Effectively the graph demonstrates a “double your winnings” scenario, where all losing bets still lose the full £25 stake as per normal, while all winning bets have twice as much stake at no further risk to the player.
The Free Money bets produced a profit of +£102,800, which equates to £22.24 per £25 bet.
However, this gives the absolute best case scenario as it only assumes a 1x wagering requirement on the free money. You can feasibly find an offer with a 1x wagering requirement on smaller promotions such as a “£5 free spin” at an online casino. However, in many cases the wagering requirement is likely to be higher (e.g. 10x (deposit + bonus)).

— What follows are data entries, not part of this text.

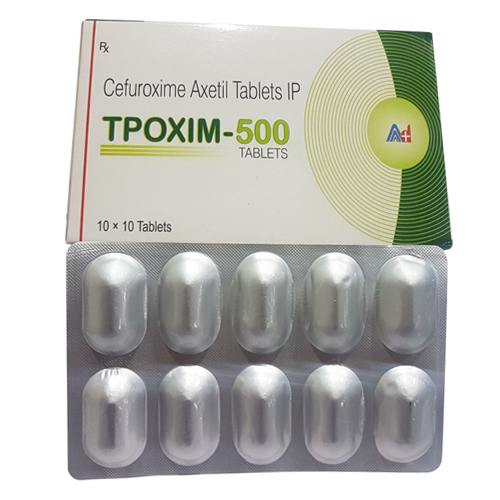 Cefuroxime Axetil Tablets Ip - 10x10 Tablets, 98% Purity For Bacterial Infections Treatment, Ideal For Adults And Women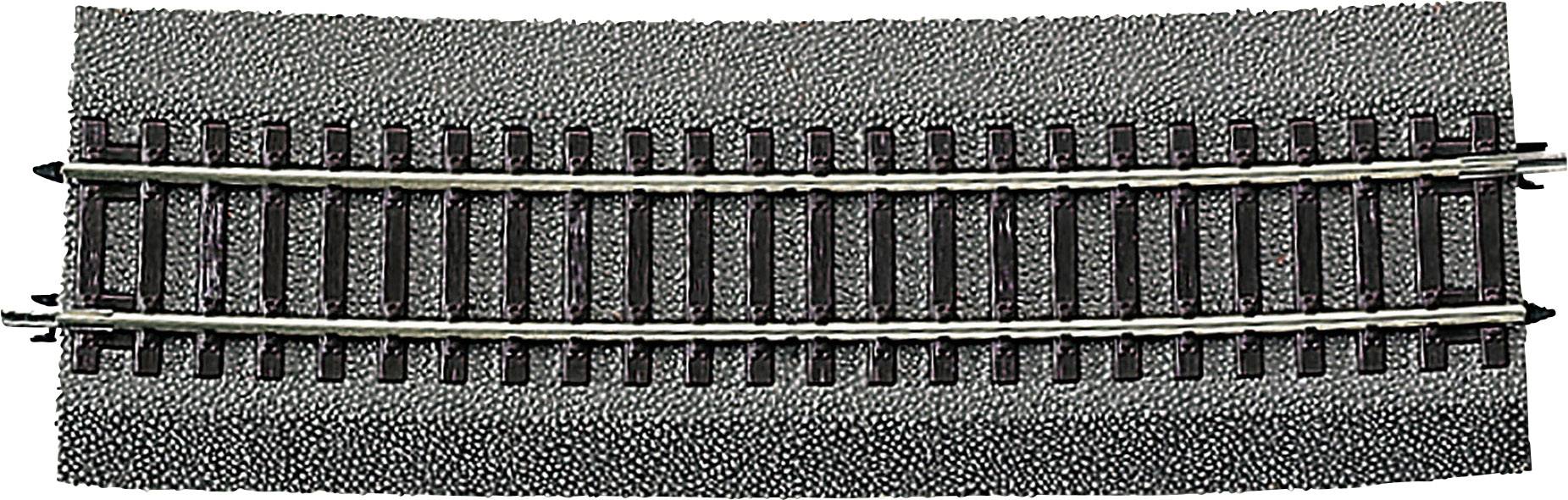 H0 RocoLine (mit Bettung) 42530 Gebogenes Gleis 6St.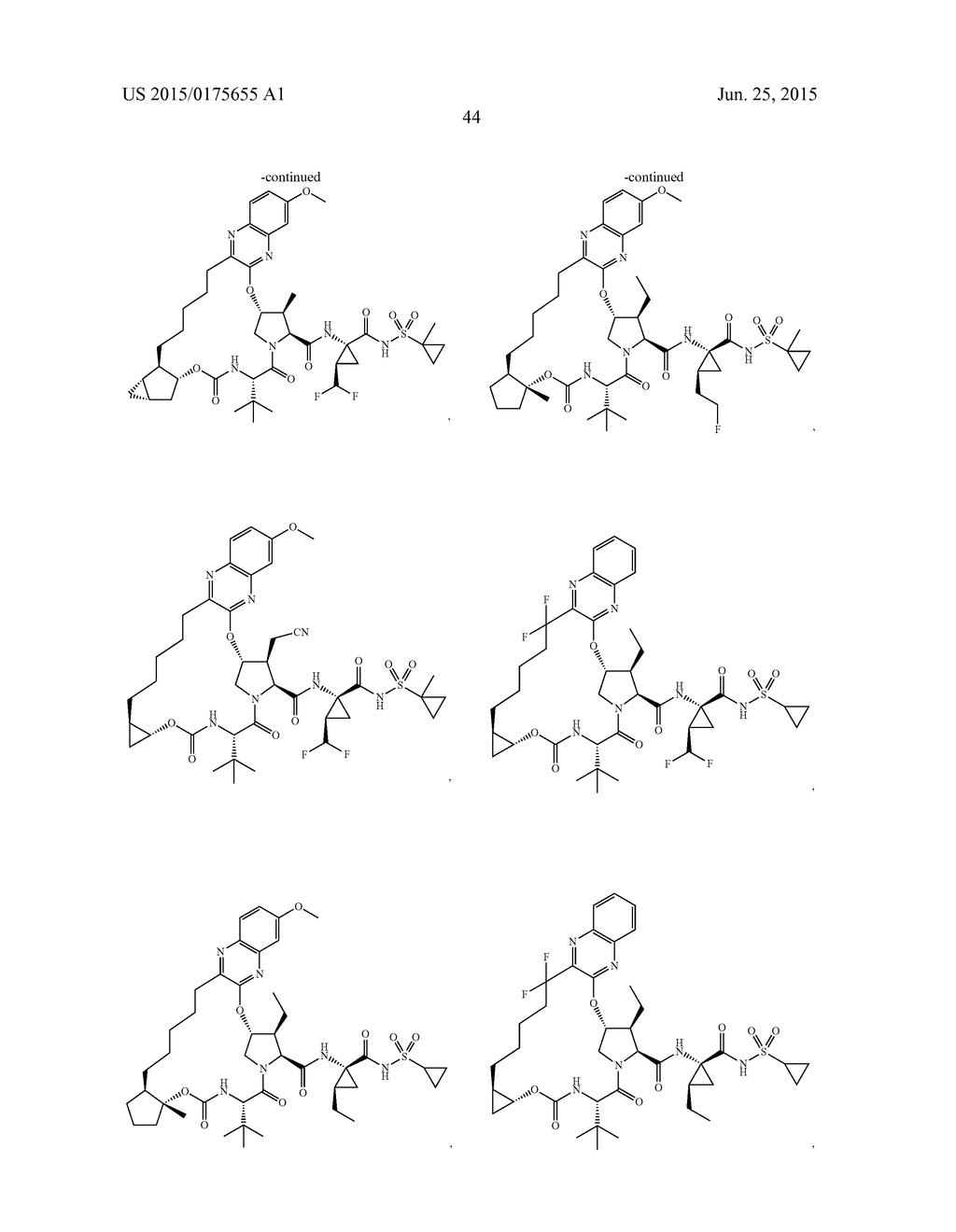 INHIBITORS OF HEPATITIS C VIRUS - diagram, schematic, and image 45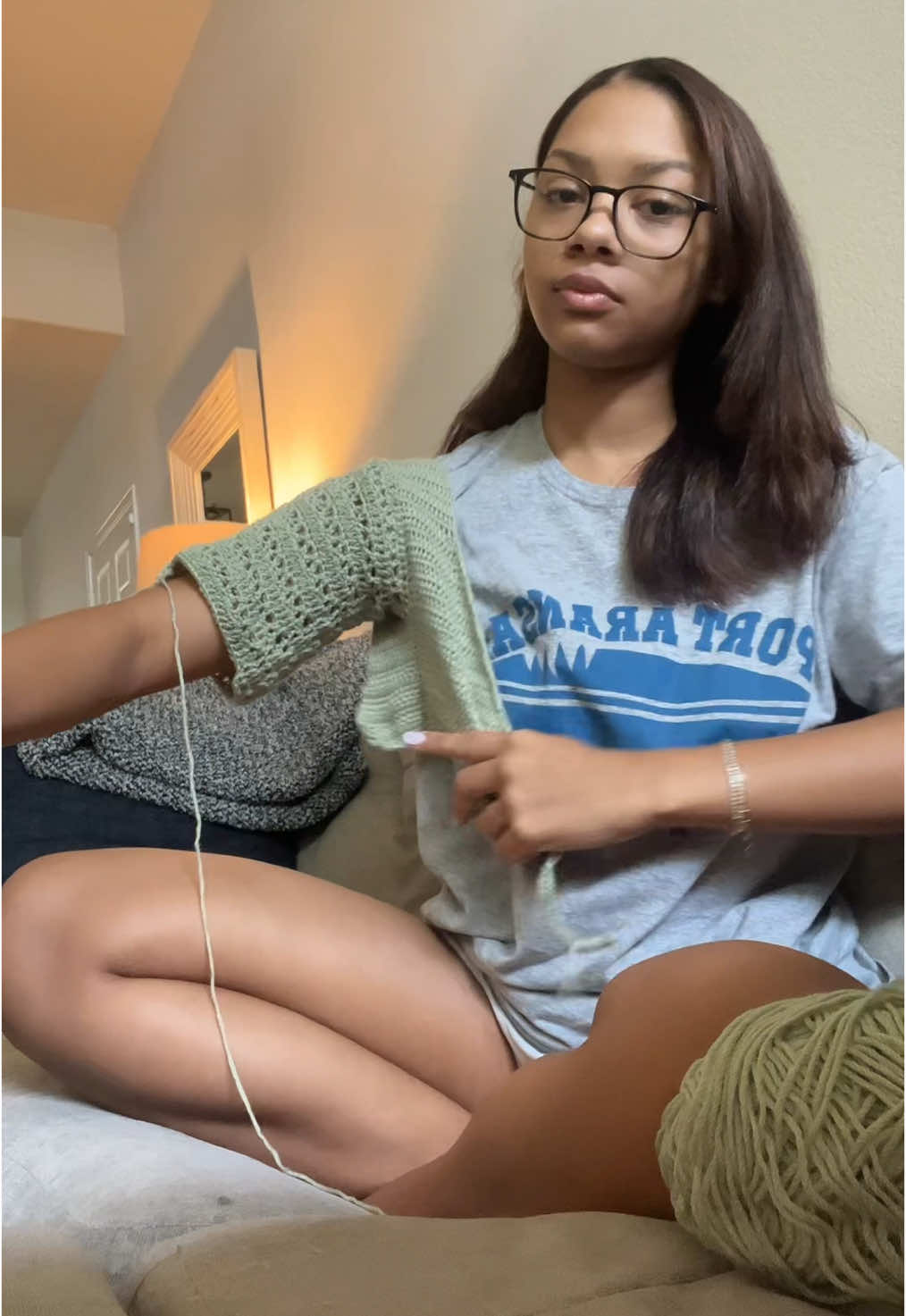 I wasn’t finished. #fyp #viralvideo #crochet #crochetersoftiktok #trending #crochetset #vibes 
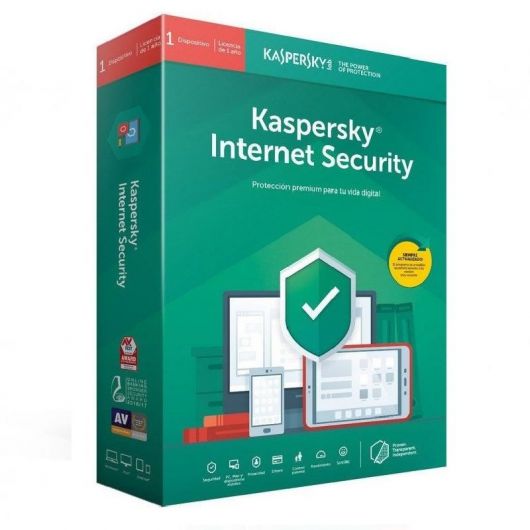 Antivirus Kaspersky Internet Security 2020/ 1 Dispositivo/ 1 Año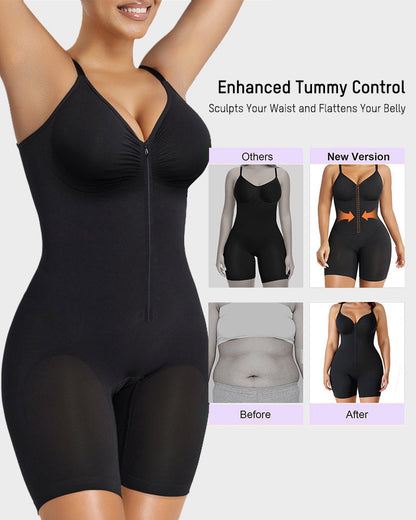 The (VIRAL) Tummy Control Zipper Bodysuit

The example serves to illustrate how free bonus funds can give a huge positive edge to the bettor, but it’s important to note that a higher rollover will erode the potential profit according to the bookmaker’s edge.In the next section I explore the impact of Rollover Requirements, as it’s crucial for assessing the value of free bets.
Bookmakers have an advantage, which is known as their “edge” or “overround”. Bettors need to consider this when they claim free bets and promotions, especially while placing qualifying bets.
Generally the overround is negligible for SNR free bets, as the player only bets against the bookmaker with their own money during the qualifier. The rollover requirement for the SNR bet is typically only “1x bonus” on. In other words, it doesn’t have to be rolled over once it has been placed. Therefore the expected loss from the qualifier tends to be outweighed by the potential value from the SNR bet.
On high rollover promotions more consideration has to be given to what losses you expect to incur from placing your bets against the bookmaker. If we assume that bookmakers have a 5% profit margin, and this is the average for all bets made, then you can produce an estimate of the expected loss during any rollover of bets.
e.g. A Free Money bonus carries a rollover requirement of 10 x (deposit + bonus). A £25 bonus is added on top of £25 deposited, making a £50 total start balance.
Here’s how to estimate the potential loss while meeting the rollover of this promotion:
- Rollover requirement =10 x (£25 + £25) = £500
- Expected loss = £500 * (-5%) = -£25
- Expected account balance by the end of the rollover: £0 (break-even)
Based on this estimate, the example promotion doesn’t give any edge to the player! However, the manner in which you bet through the bonus has a huge impact on the results.
High vs Low Stakes
Here’s the deal: it’s optimal to bet high stakes during a rollover requirement. Simulations back this theory up.
Below are the simulated profits from this £500 rollover, assuming a consistent bet size is maintained throughout:
- £50 stakes: ~£16.72
- £25 stakes: ~£14.28
- £10 stakes: ~£10.63
- £5 stakes: ~£7.90
- £1 stakes: ~£3.68
Mathematically the expected profit is higher by taking more risk on the rollover. Large stakes increase the amount of the free money you’ll retain (on average), but also increase the chance of busting out. Low stakes reduce the amount of the free money you’ll retain (on average), but decrease the chance of busting out.
Additionally, betting small wastes a lot of time.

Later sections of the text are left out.